Elio n'aurait pas aimé se trouver à la place de Ramses. Il n'en connaissait pas la raison, mais cela crevait les yeux que Giuseppe le détestait. Personne ne pouvait le nier. Cela pouvait s'observer à travers plein de petites actions : le chef ne le regardait jamais dans les yeux, il lui donnait peu de responsabilités, il lui adressait que très peu la parole et quand il le faisait, c'était généralement pour l'insulter.

Et le pire, c'est que Ramses ne s'insurgeait même pas. Elio ne comprenait pas cette attitude non plus. À sa place, il aurait demandé ne serait-ce qu'une explication à son entourage. Mais il a toujours vu Ramses subir les piques de Giuseppe dans le silence, comme si tout cela était justifié. Il était vrai que Giuseppe leur faisait peur à tous. Mais il serait sûrement calmé s'il avait senti une protestation du côté du jeune homme, par peur de subir une vengeance groupée.
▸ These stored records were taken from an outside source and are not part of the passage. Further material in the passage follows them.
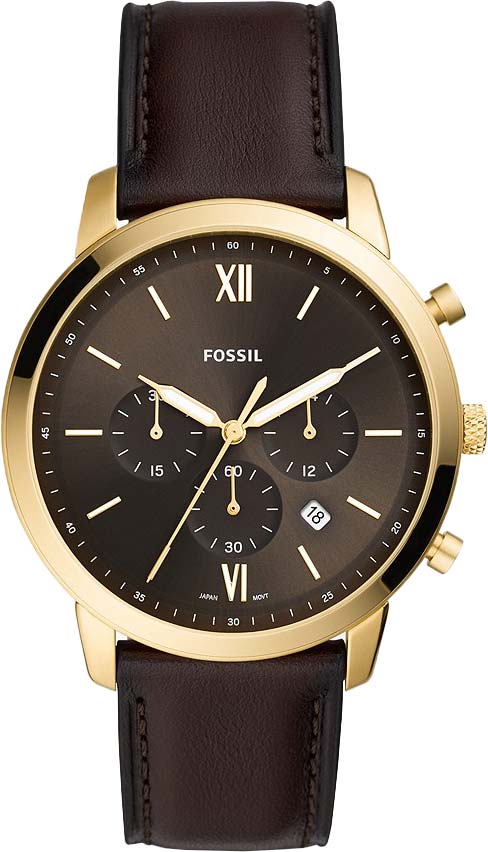 Наручные часы Fossil FS5763 с хронографом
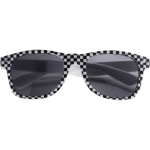 SO136 Child Checkered Sunglasses Front 600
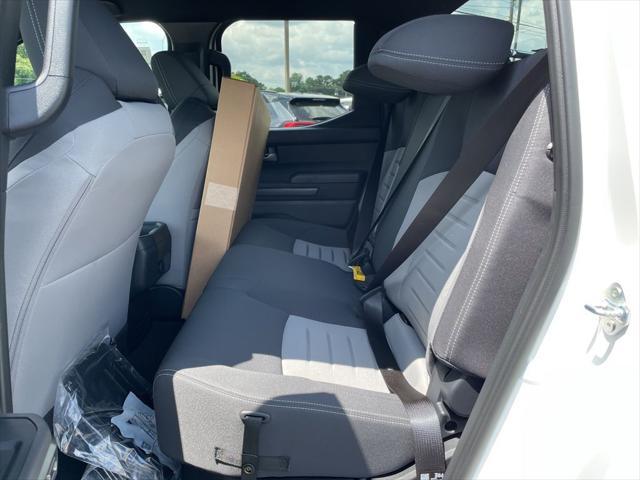 new 2025 Toyota Tacoma car, priced at $46,954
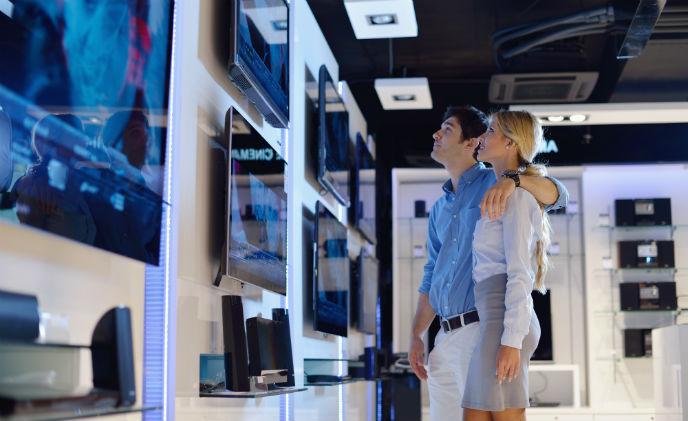 Camera quan sát công nghệ IP với phần mềm xử lý heat mapping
Cependant, comme le jumeau ne disait rien, cela encourageait leur patron à le provoquer.

Alors ce soir-là, quand Giuseppe fit ses comptes habituels et constata qu'il y avait un trou dans les billets qu'avait ramenés Ramses, Elio su que le jeune dealer allait passer un mauvais quart d'heure.
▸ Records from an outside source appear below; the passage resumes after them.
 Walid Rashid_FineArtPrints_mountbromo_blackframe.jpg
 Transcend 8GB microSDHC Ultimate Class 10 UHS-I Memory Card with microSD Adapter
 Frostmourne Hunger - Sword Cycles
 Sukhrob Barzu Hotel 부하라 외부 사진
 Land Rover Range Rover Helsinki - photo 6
« Pa-pardon patron. J'ai pas fait exprès... je rendrai la somme très vite. Laisse-moi une semaine et je jure que je ramènerai l'argent à temps.
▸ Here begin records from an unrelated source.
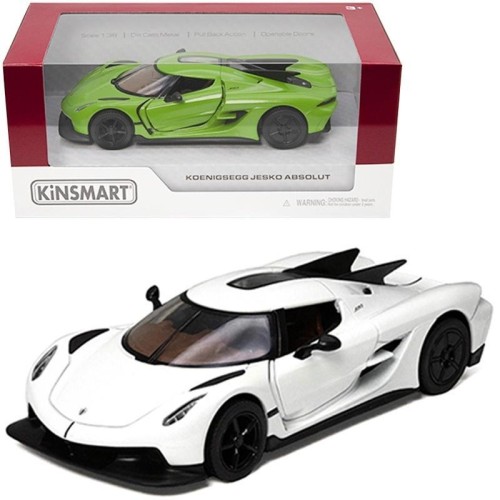 Koenigsegg jesko absolut 1:36, Kinsmart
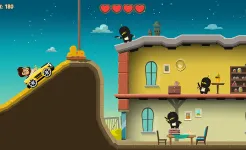 Screenshot Aliens Drive Me Crazy
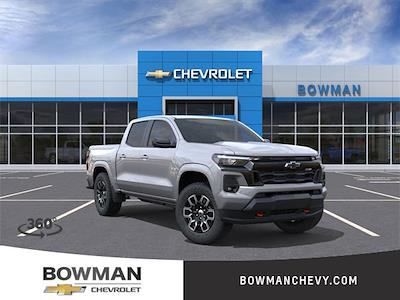 New 2025 Chevrolet Colorado Z71 Crew Cab 4WD Pickup for sale #252960 - photo 1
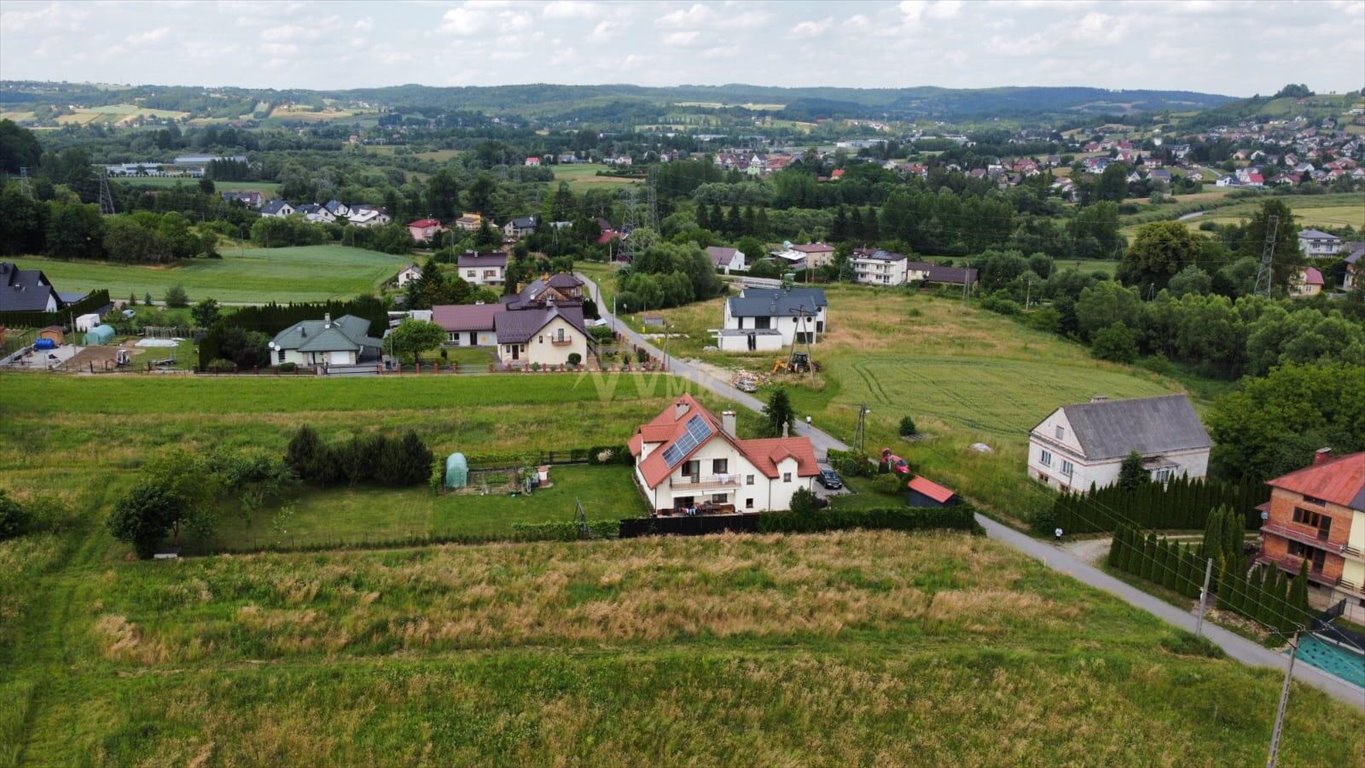 Działka budowlana na sprzedaż Tuchów, Okólna  1 650m2 Foto 1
_Arrête tes mythos, le coupa Giuseppe d'un ton sec à faire frémir. Tu crois que je sais pas ce que tu fais avec ma came. On fait pas de crédit ici.

_Deux jours... s'il-te-plaît. Juste deux jours. Je jure que je trouverai la somme d'ici deux jours max.

Il avait vraiment de la peine pour Ramses. Elio le croyait quand il assurait avoir perdu l'argent, parce que c'était un bon bosseur, beaucoup plus digne de confiance que son frère, par exemple.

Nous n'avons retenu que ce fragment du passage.